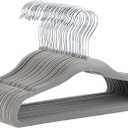 Amazon Basics Kids Velvet Non-Slip Space Saving Clothes Hangers with Shoulder Notches, Sturdy Closet Organizer for Baby/Toddler, 11.6", Gray, 30-Pack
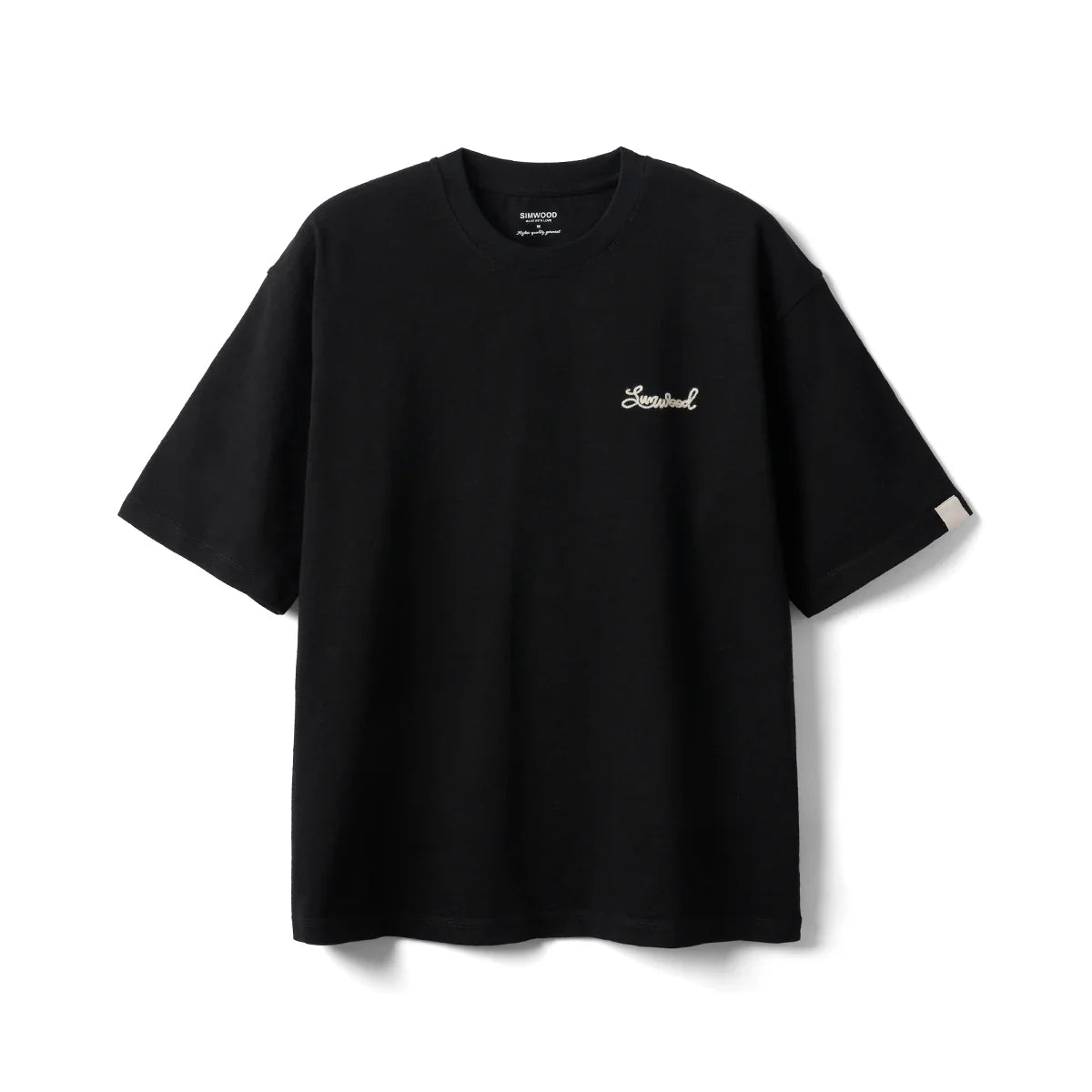 Summer New Super Loose Heavyweight 300gsm Slub Cotton T-shirts Men Letter Embroidery Tops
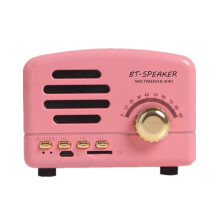 Retro Portable Mini Bluetooth Speaker Wireless Speakers Super Bass Music Loudspeakers Support TF Card FM Radio Pink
======
▸ **Task statement**:
Apart from the pictures, the whole listing should be reproduced exactly.

▸ **Reply**:
 Amazon Basics Kids Velvet Non-Slip Space Saving Clothes Hangers with Shoulder Notches, Sturdy Closet Organizer for Baby/Toddler, 11.6", Gray, 30-Pack
 Summer New Super Loose Heavyweight 300gsm Slub Cotton T-shirts Men Letter Embroidery Tops
 Retro Portable Mini Bluetooth Speaker Wireless Speakers Super Bass Music Loudspeakers Support TF Card FM Radio Pink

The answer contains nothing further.